By Linda Larsen, About.com

Chicken, especially boneless, skinless chicken breasts, usually tastes better and has a better texture if marinated before cooking. Marinades combine an acid, like lemon juice, yogurt, or vinegar, with some oil and flavoring ingredients like salt, pepper, herbs, fruits, and mustard.
  • If marinating time is longer than one hour, place the marinating chicken in the refrigerator.
  • Reduce oil in the marinade for more flavor. The best marinade (unlike the best salad dressing) is about half oil and half acid.
  • Chicken shouldn't be marinated longer than called for in the recipe. The chicken can become mushy if marinated too long, as the acid breaks down the flesh.
  • Use fresh herbs whenever possible. If you are using dried herbs, crush them between your fingers to release aromatic oils before adding to the marinade.
  • Mix your marinade right in a heavy-duty zip-lock food storage bag.

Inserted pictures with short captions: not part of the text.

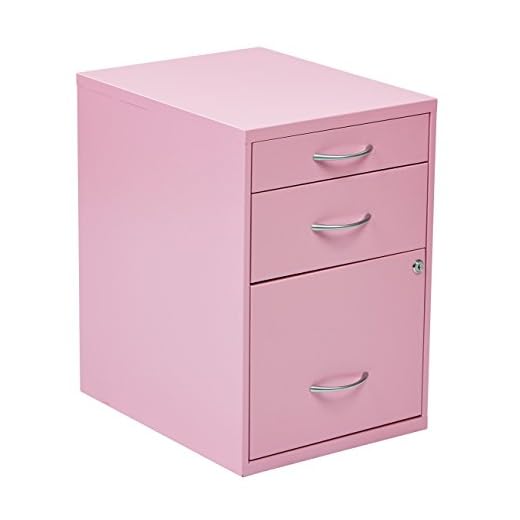 OSP Home Furnishings HPB Heavy Duty 3-Drawer Metal File Cabinet for Standard Files and Office Supplies, Pink Finish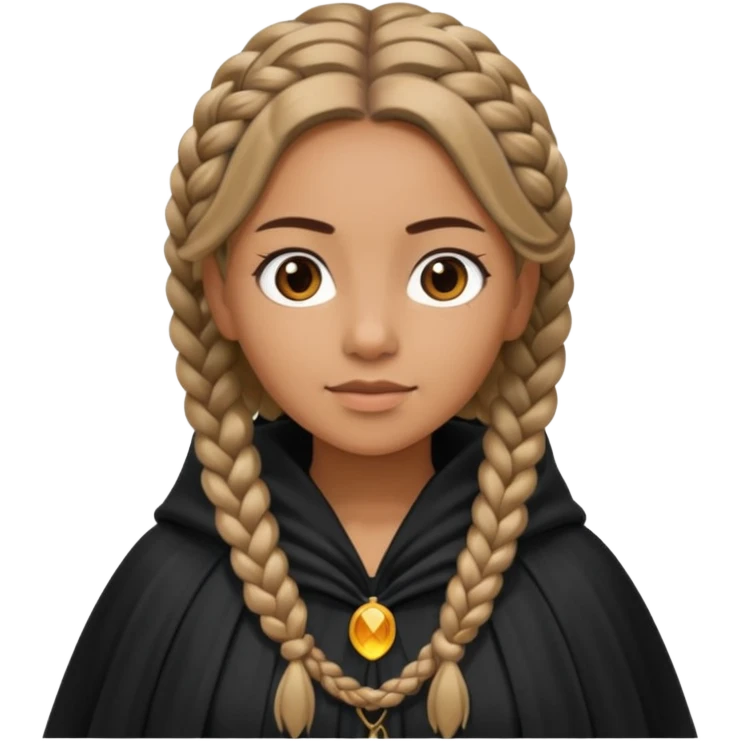 woman with braided hair, cloak emoji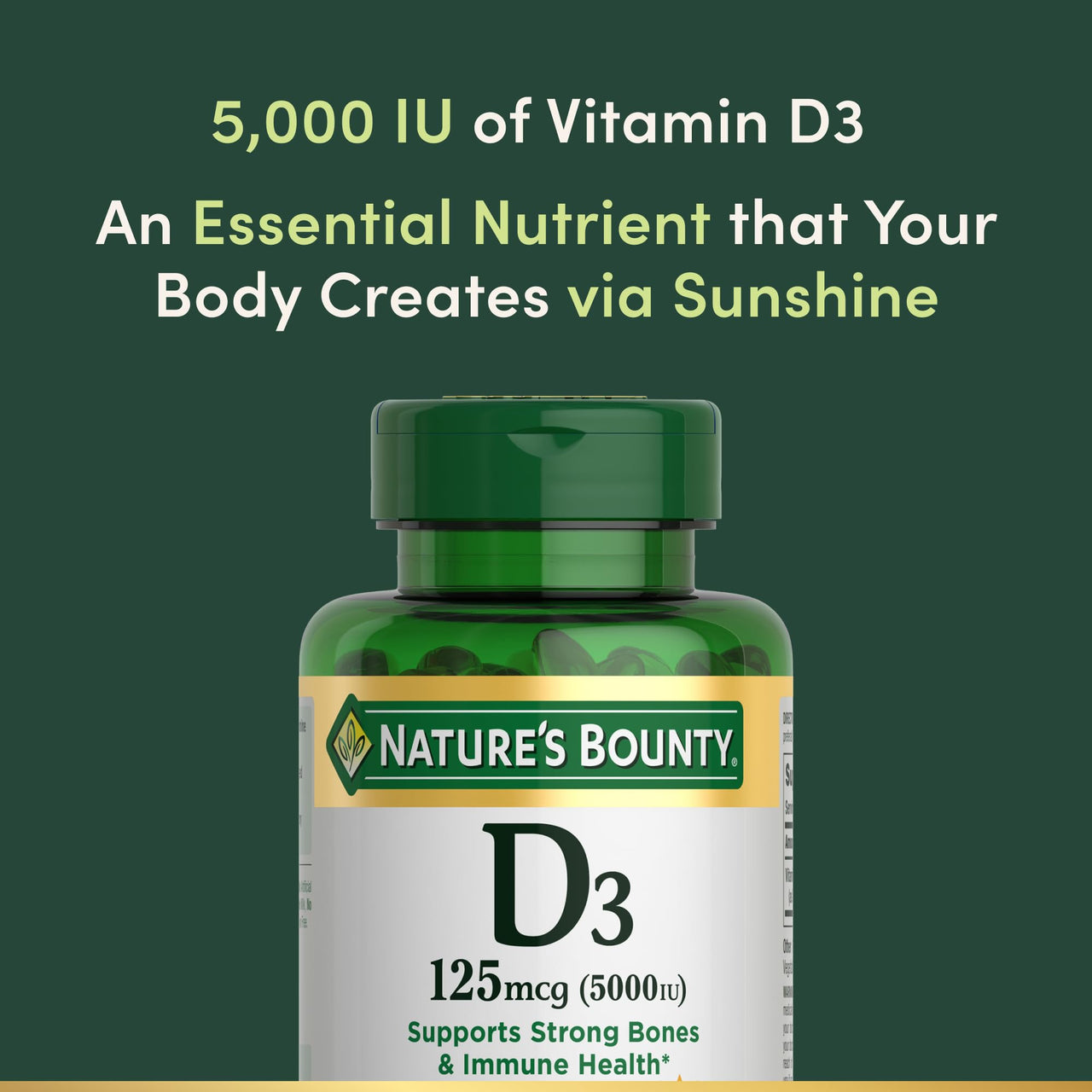 Nature's Bounty Vitamin D3 5000 IU Softgels, Rapid Release, Immune Support, Vitamin D Supplements, 240 Ct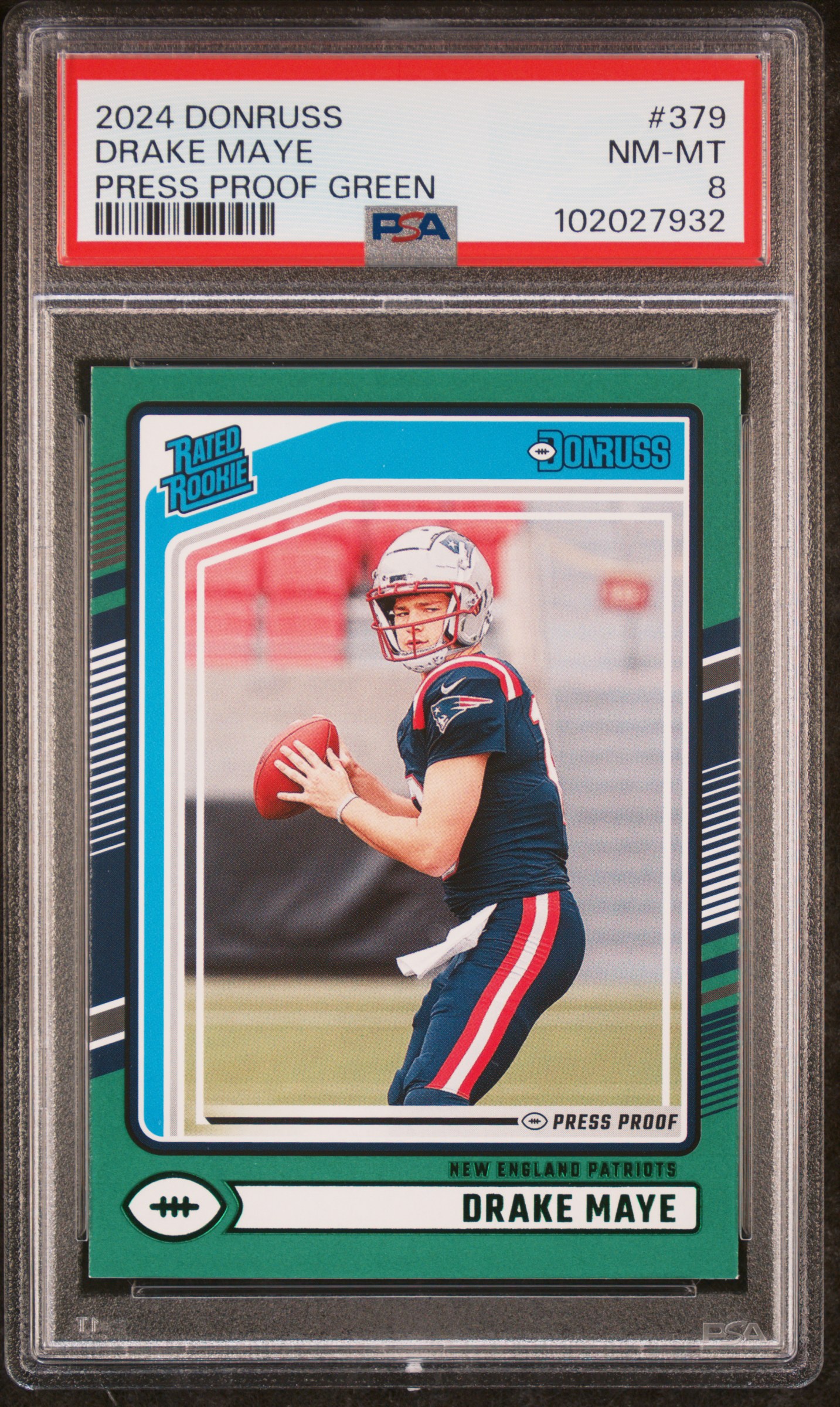 2024 Panini Donruss Drake Maye #379 (Press Proof Green) Nm-Mt 8 front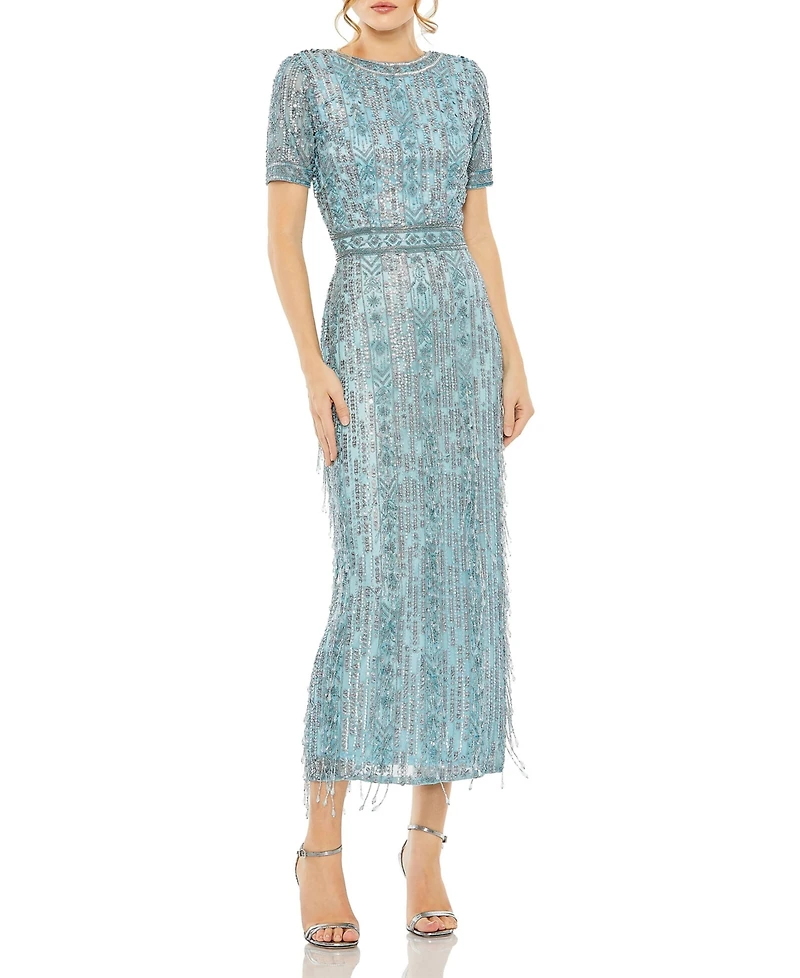 Mac Duggal Women's High Neck Short Sleeve Crystal Fringe Column Dress
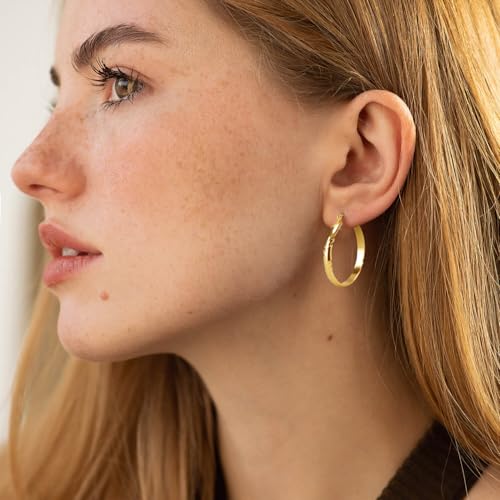 14K Gold Earrings for Women Trendy Lightweight Hoops Earrings Gold Cutting Line 14K Gold Hoop Earrings for Women4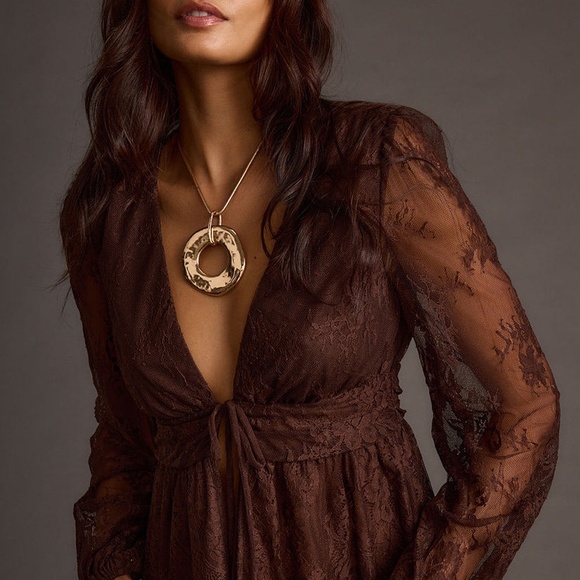 12th Tribe Tops - 12th Tribe Callahan Mocha Lace Blouse Size SS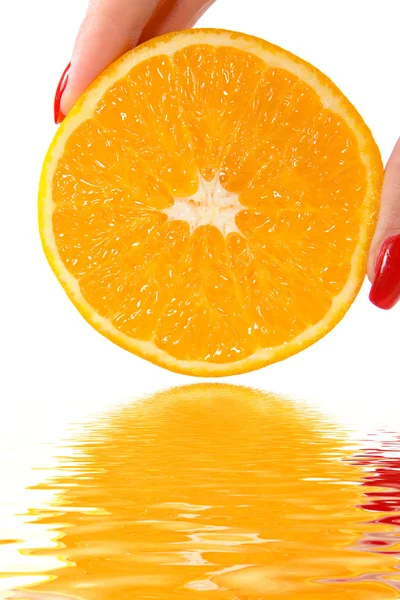 Orange fraîche et eau — Photo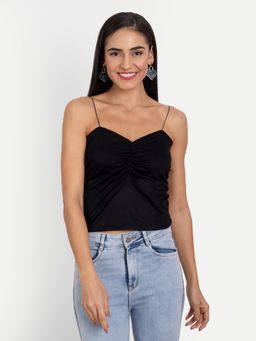 COLOR CAPITAL - Women Viscose Black Solid Top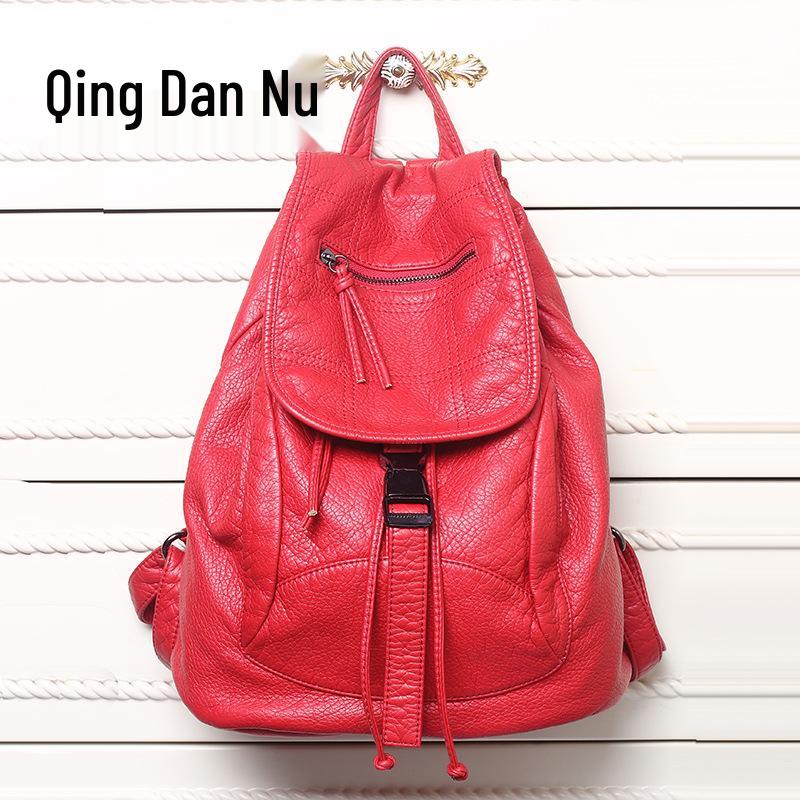 

Женский рюкзак из вышитой овчины в корейском стиле - Модный и вместительный для путешествий или учебы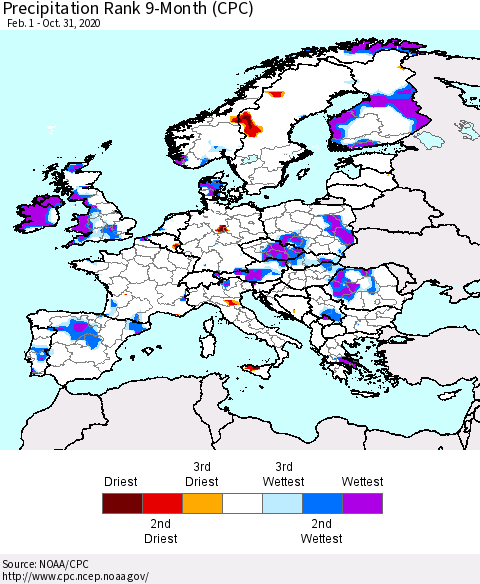 Europe Precipitation Rank 9-Month (CPC) Thematic Map For 2/1/2020 - 10/31/2020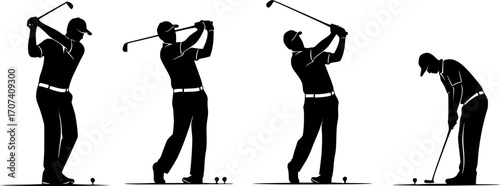 Golf player playing silhouette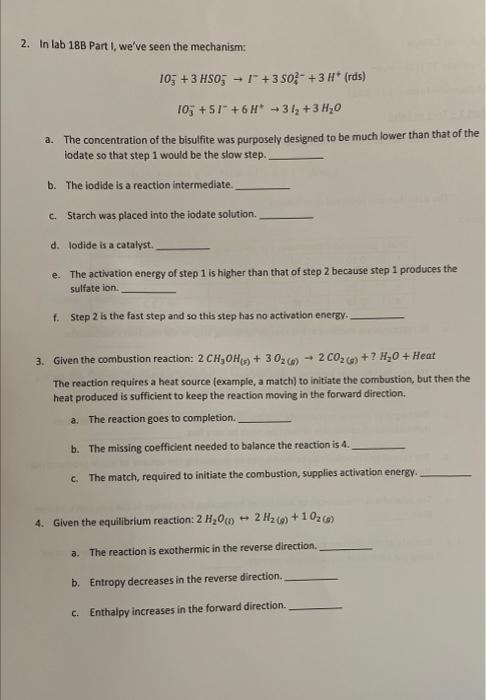 please help 2. In lab 18B Part I, we've seen the mechanism: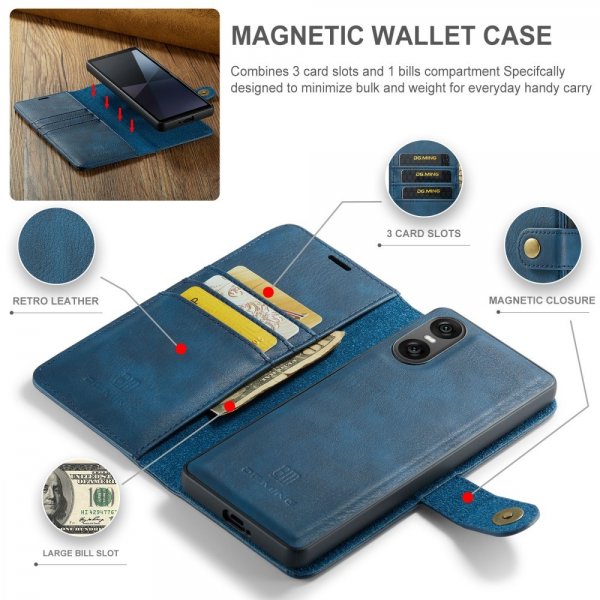 Dg.Ming Sony Xperia 10 VI Cover med Aftageligt Cover Blå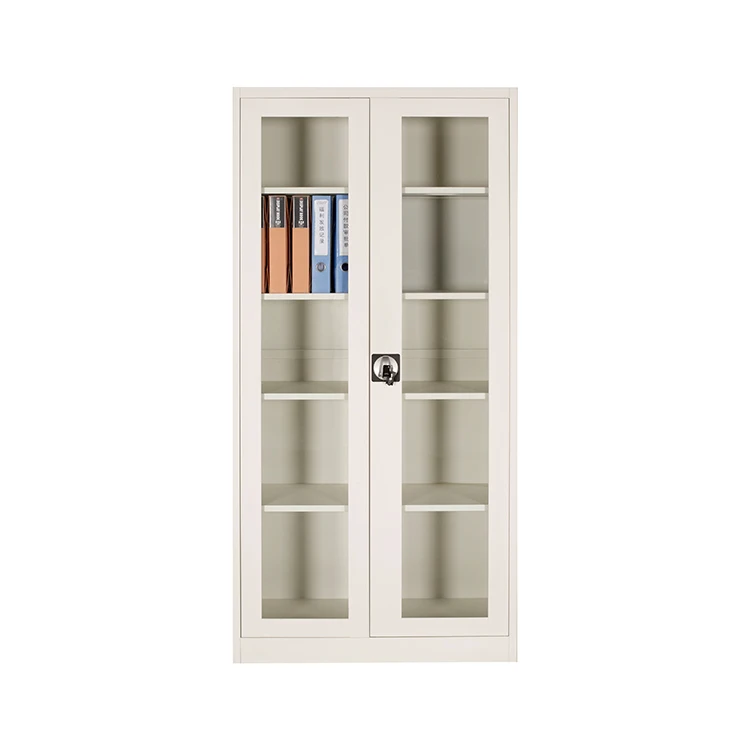High quality steel Glass Swing door Book case metal documents storage Office cupboard filing cabinet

Add the chicken, squish a bit to mix, then refrigerate.
  • Place the bag containing the chicken and marinade on a pan or in a bowl to prevent leakage.
  • To cook marinated chicken, just lift out of the marinade and place on the grill or pan. Don't rinse or dry with paper towels.
  • You can brush some of the marinade on the chicken as it cooks, but be sure to stop adding uncooked marinade 3-5 minutes before cooking time ends for food safety reasons.
  • Discard any remaining marinade. You can place it in a small saucepan and boil for 2-3 minutes, then serve as a sauce for the chicken. Neverserve uncooked marinade.